Guided tour on importing Excel files in CSV format

Excel window

What you see here is a typical example of an Excel worksheet, in a format that can be converted to an EasyReg data file. The first row contains text (the variable names), and the next rows contain the data matrix. The data matrix should only contain numbers! Non-numerical data are not allowed from the second row onwards!

The file EXCELDATA.XLS displayed here contains cross-section data. To convert this file to CSV (Comma Separated Values) text format, open (in Excel) File > Save as .., and save the file as a CSV text file. In this example the Excel worksheet will be saved as file EXCELDATA.CSV.

USA style CSV format

In the USA and some other countries, for example the United Kingdom, Windows uses a dot (.) as decimal delimiter. For example, 0.5 = 1/2. In these countries, the data entries in a CSV file are separated by commas (,).

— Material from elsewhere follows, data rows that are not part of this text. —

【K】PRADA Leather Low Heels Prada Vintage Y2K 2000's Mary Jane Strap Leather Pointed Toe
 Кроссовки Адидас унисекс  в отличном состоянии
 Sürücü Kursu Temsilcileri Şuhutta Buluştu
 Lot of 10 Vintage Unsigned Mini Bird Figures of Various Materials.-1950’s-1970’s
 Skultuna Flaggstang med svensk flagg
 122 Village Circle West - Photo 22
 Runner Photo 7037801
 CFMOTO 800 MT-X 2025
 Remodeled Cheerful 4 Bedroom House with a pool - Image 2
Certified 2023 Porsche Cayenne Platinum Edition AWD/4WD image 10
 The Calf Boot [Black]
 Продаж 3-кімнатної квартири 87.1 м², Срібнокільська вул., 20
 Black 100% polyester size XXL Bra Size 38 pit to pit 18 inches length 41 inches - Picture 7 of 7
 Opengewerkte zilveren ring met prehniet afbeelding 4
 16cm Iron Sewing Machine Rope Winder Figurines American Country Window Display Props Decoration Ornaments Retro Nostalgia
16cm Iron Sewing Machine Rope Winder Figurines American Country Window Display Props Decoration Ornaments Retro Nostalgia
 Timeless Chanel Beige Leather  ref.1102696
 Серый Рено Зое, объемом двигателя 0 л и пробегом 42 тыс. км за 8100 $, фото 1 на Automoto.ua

If a variable name contains a comma, Excel will automatically enclose it between quotation marks ("...") when the file is saved as a CSV file. Older versions of Excel do that too if the variable name contain blanks. Do not add quotation marks around variable names yourself in Excel, because then EasyReg cannot read the CSV file! There is no need to put quotation marks around variable names: Excel will do that itself if necessary. But if you insist to do it yourself, do it only after importing the CSV file in Notepad or Wordpad.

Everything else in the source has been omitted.